A domestic trade association filed petitions on Feb. 1 with the Commerce Department and the International Trade Commission requesting new antidumping and countervailing duties on fabricated structural steel from Canada, Mexico and China. Commerce will now decide whether to begin AD/CVD investigations on fabricated structural steel that could eventually result in the assessment of AD/CV duties. The petition, filed by the American Institute of Steel Construction, targets steel mill products of various shapes that have been fabricated (and typically custom-manufactured) into articles suitable for erection or assembly into a variety of structures.
Leaders of auto, aluminum and farm interest groups are all pushing for the Section 232 steel and aluminum tariffs to be lifted on Canada and Mexico, as the administration said would happen once NAFTA was renegotiated. But none of the groups will make their support for the U.S.-Mexico-Canada Agreement contingent on the tariffs being lifted.

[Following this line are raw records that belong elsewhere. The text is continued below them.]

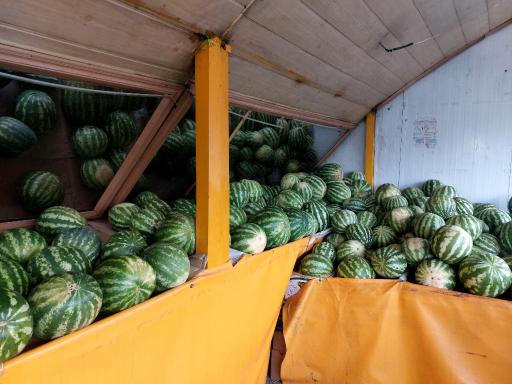 عکس بازار میوه و تره‌بار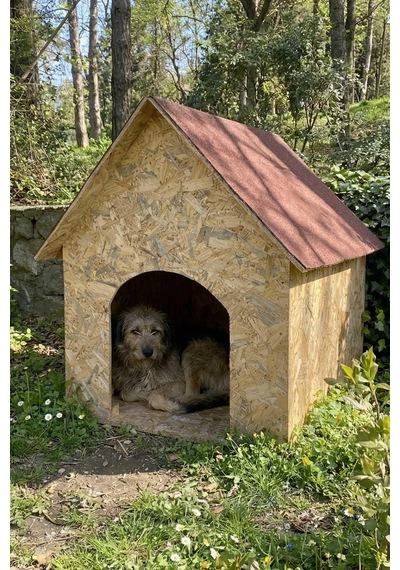 Reyo Köpek Kulübesi Büyük Boy Osb Xl Kırmızı Çatılı100x100x78 Cm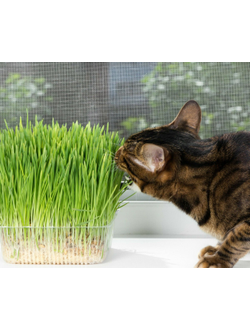 Свежая травка в лотке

The Council of the European Union passed its negotiating directives for free trade talks with the U.S. on Jan. 18, and as expected, agriculture is not part of the scope. The EU also said it would require the lifting of the Section 232 tariffs on aluminum and steel before any deal is finalized. "These two proposed negotiating directives will enable the Commission to work on removing tariffs and non-tariff barriers to transatlantic trade in industrial goods, key goals of the July Joint Statement," EU Trade Commissioner Cecilia Malmstrom said.